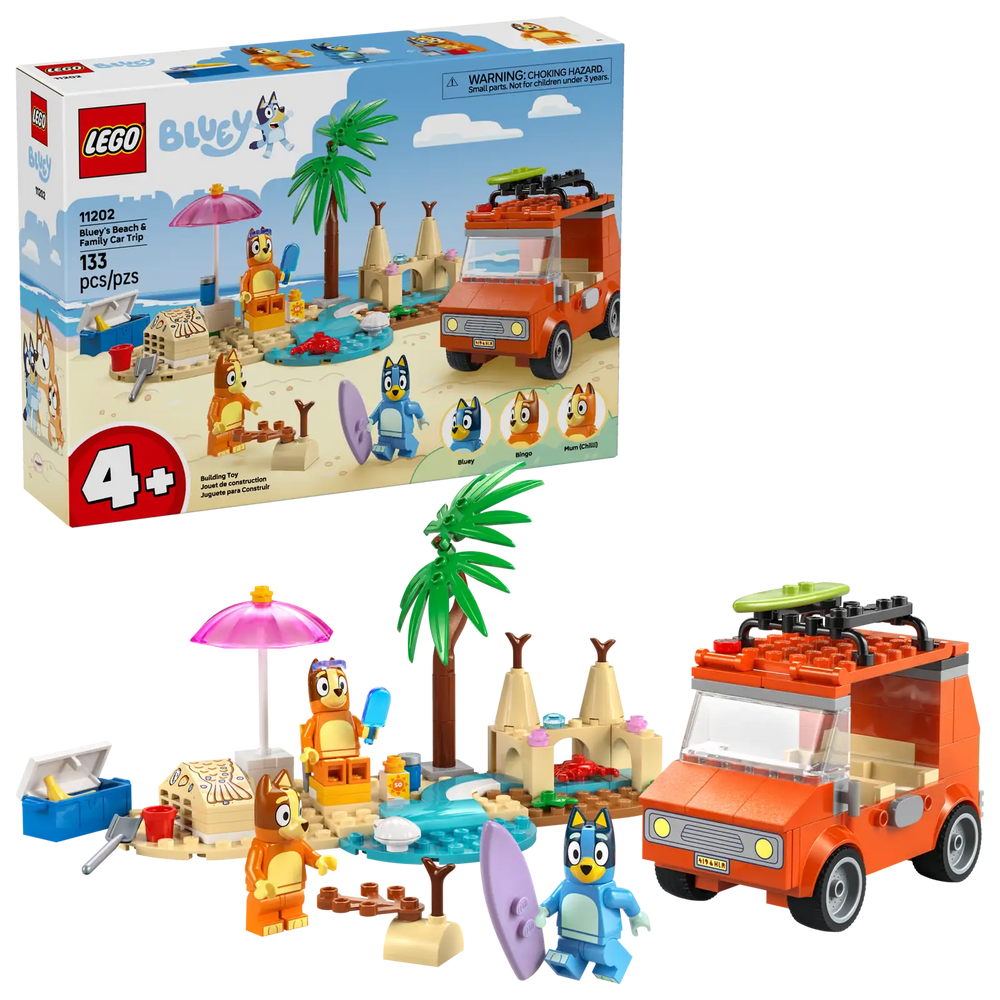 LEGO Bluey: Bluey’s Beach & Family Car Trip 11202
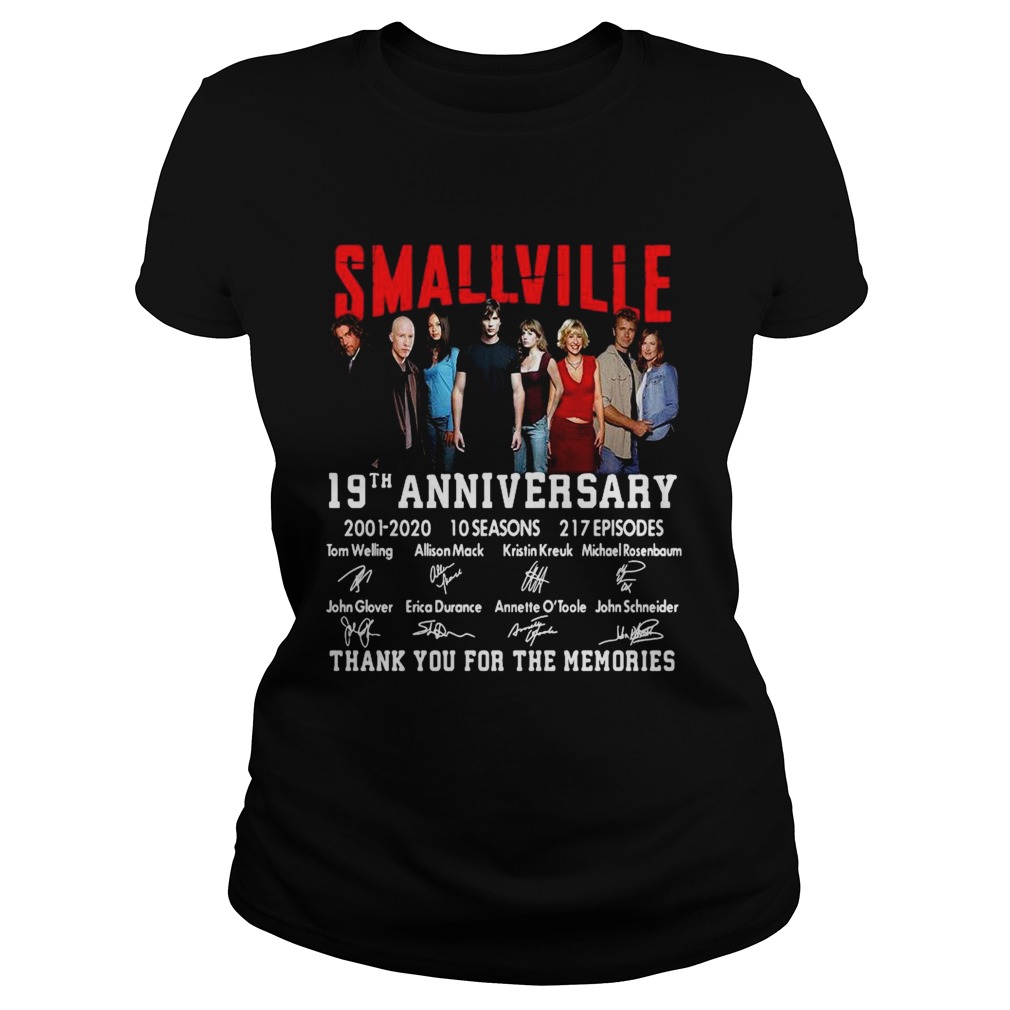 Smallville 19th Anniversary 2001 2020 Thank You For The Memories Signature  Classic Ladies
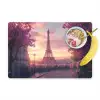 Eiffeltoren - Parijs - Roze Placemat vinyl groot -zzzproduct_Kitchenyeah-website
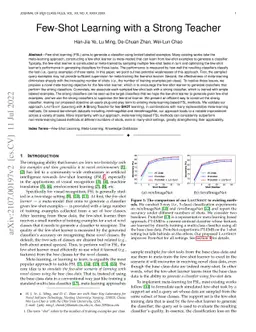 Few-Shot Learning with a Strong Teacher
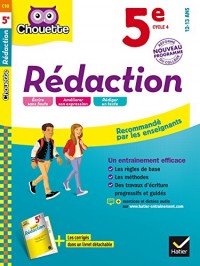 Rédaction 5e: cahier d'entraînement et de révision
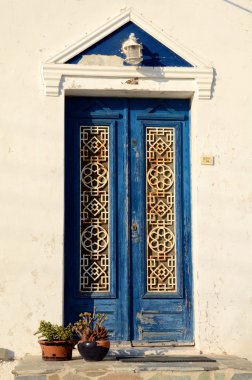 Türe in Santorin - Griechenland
--
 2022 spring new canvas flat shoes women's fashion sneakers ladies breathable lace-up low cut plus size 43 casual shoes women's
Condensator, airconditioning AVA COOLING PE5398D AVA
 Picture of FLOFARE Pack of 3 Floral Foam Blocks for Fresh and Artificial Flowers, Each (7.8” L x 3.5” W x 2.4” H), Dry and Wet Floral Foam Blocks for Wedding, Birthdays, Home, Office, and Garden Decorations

## ASSIGNMENT:
From the listing above, please give again the lines that begin with the line holding "Rédaction 5e: cahier" and go on through the line holding "Türe in Santorin - Griechenland", exactly, both ends included, minus any picture.

## RESULT BELOW:
 Rédaction 5e: cahier d'entraînement et de révision
 Türe in Santorin - Griechenland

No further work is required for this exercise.